# good puppy food



## Occa (Oct 7, 2012)

Can someone suggest a good quality food for an 8 wk GSD puppy.

How does Kirkland Super Premium Chicken Rice formula rank with other puppy dry food?

How long do we keep feeding before switching to an adult food?


Thanks


----------



## Narny (Sep 8, 2010)

Hi there and welcome. I went to Dog Food Reviews and Ratings | Dog Food Advisor to decide on a dog food.

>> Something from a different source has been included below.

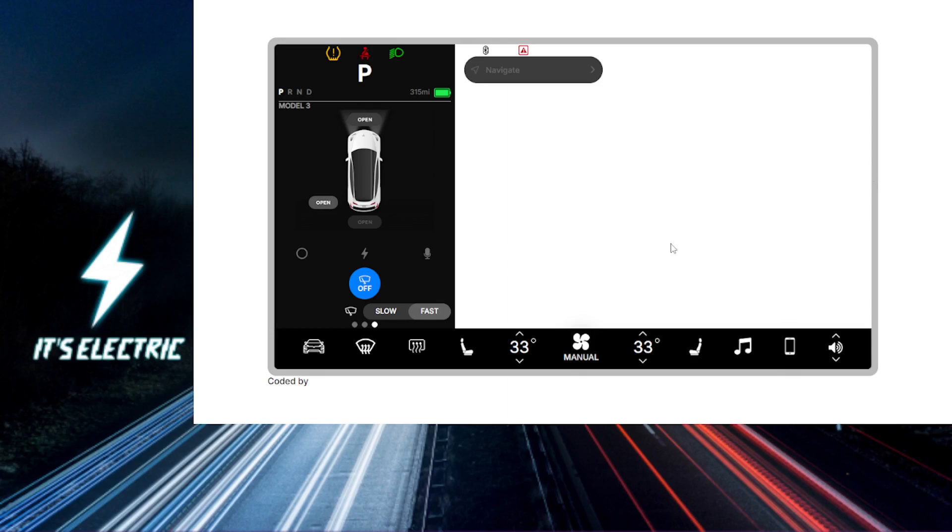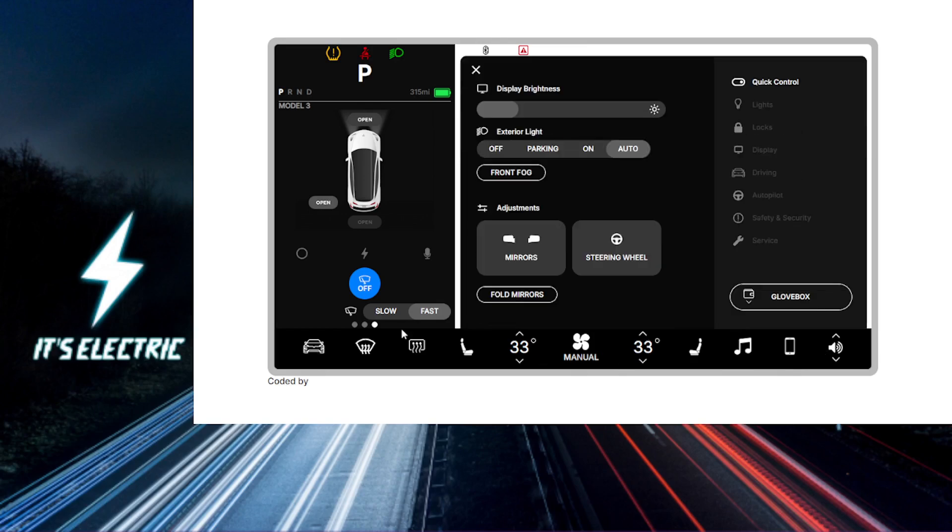You want to start by tapping on the control icons at the bottom of your touchscreen and then navigate to control. You want to navigate to display. We have here display brightness to adjust the display brightness.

It really depends on your budget to be honest because when it comes to feeding our animals EVERYONE has a different opinion on the matter. 

Also, for german shepherds you want to feed for large breed puppies because calcium can be an issue. 

Congrats on your new puppy.


----------



## NancyJ (Jun 15, 2003)

There are some good sticky notes at the top of this forum with links on articles on how to select a puppy food. 

It used to be that a lot of GSD folks said adult food after first bag but new large breed puppy formulas are actually adjusted for SLOWER growth and lower calcium and phosphorus than many adult formulas so I have heard anywhere from 12-15 months or so before making the switch. 

If you feed adult, make sure to get one all life stages as some of the grain free foods can actually have way too much calcium for a growing pup.


----------



## Emoore (Oct 9, 2002)

I fed my puppy the Kirkland Super Premium All Life Stages (maroon bag) until he was a year. I don't much care for Kirkland's puppy food, too much calcium for a large breed puppy. The All Life Stages is better


----------



## german shepherd 1600 (Sep 28, 2012)

origen


----------



## coulter (Oct 13, 2012)

What about natural balance?


----------



## NancyJ (Jun 15, 2003)

I kind of think it is a bit too low in protein, fat and calories for a young puppy and they are manufactured by Diamond Brands which puts me off anymore but they are labeled for all life stages.....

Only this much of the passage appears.